Hatcher set off to enjoy some well-deserved leisure time at the beginning of this year. It never occurred to me that I would ever write this column – mainly because it never occurred to me that a day would come when we were publishing newspapers without Hatcher Hurd.

I have always believed that Hatcher was one of the most experienced and insightful government reporters in Georgia if not the Southeast. He probably attended close to 2,000 city council meetings if you include the number of weeks he covered more than one city’s meeting or included council workshops. He also covered Fulton County Commission meetings as well – always in the front row, always listening to every word.

Commissioners and city council members knew that when he was in the audience they could expect questions that cut to the chase. They knew that he knew, and week in and week out he was there holding them accountable.

He could pick up the phone and get the ear of almost any government official in greater Atlanta. They all returned his calls. They all knew they would get a fair shake when they sat down with him for an interview – except for possibly Tom Price who walked out of an interview with Hatcher and me several years ago when we dared to question his stance on immigration.

Not a year went by that he was not asked to moderate election debates, sit on charity boards, cover the quilt guild, or in some years, play a host role in Alpharetta’s Old Soldier’s Day Parade. He never said no and always had a soft spot in his heart for anyone who was down on his or her luck or any organization making our world a little better. He always showed up.

I’m not sure how many realize how rare that was – to have a local reporter/editor that cared that much and walked the way that Hatcher did with integrity, honesty, and truth.

I never saw him angry with a person, but more than once I saw steam coming off his face with righteous indignation when he encountered deceit, collusion or outright dishonorable behavior.

It was never about him; it was always about what was “right” and what was “just.”

It was hard to watch when the public occasionally accused Hatcher of bias or some form of subjective reporting. Most of the time it would come from someone with a pre-conceived notion of reporters and journalism in general and would involve a story that shed light on something they did not want to be seen.

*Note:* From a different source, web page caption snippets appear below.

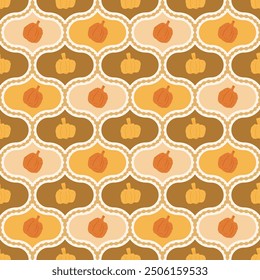 Modelo inconsútil del damasco de la calabaza. Fondo de repetición retro de la cosecha de otoño. Vector dibujado a mano ilustración plana.
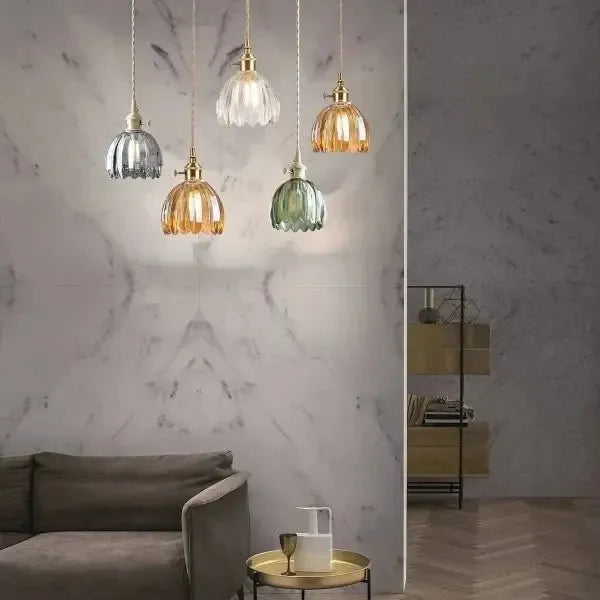 Hanglamp Glazen Bloem Metalen Sfeer E27 40W Zwart Stijlvol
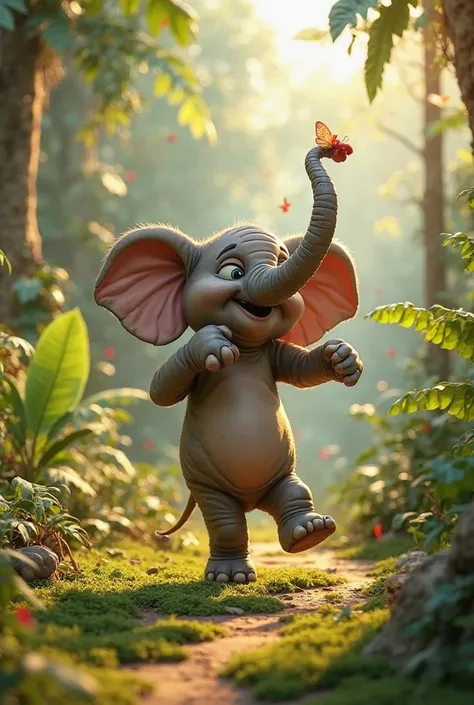 Elephant going on the dance in jungle  3d animation photo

If he didn’t sugarcoat the story in their favor, or if he included inconvenient but relevant facts, he was biased and “out to get them.”

Last year I even heard a city council member actually accuse Hatcher of writing “fake news.” All I could think of was how can anyone say that, when Hatcher and reporters and editors like Hatcher are still the heart and soul of journalism? How can anyone who has read our papers over any length of time possibly believe that all the press, or even most of it, is “fake news” when you have right in front of you for all this time, a reporter/editor who day after day has written only one thing – the truth – to the absolute best of his ability.

What the “fake-newsers” don’t get is that Hatcher – and really most reporters – have one core fundamental asset and that is their objectivity and their credibility. They know that compromising either one is as toxic and career-ending as it would be for a long distance hiker or marathoner to pour out his water supply.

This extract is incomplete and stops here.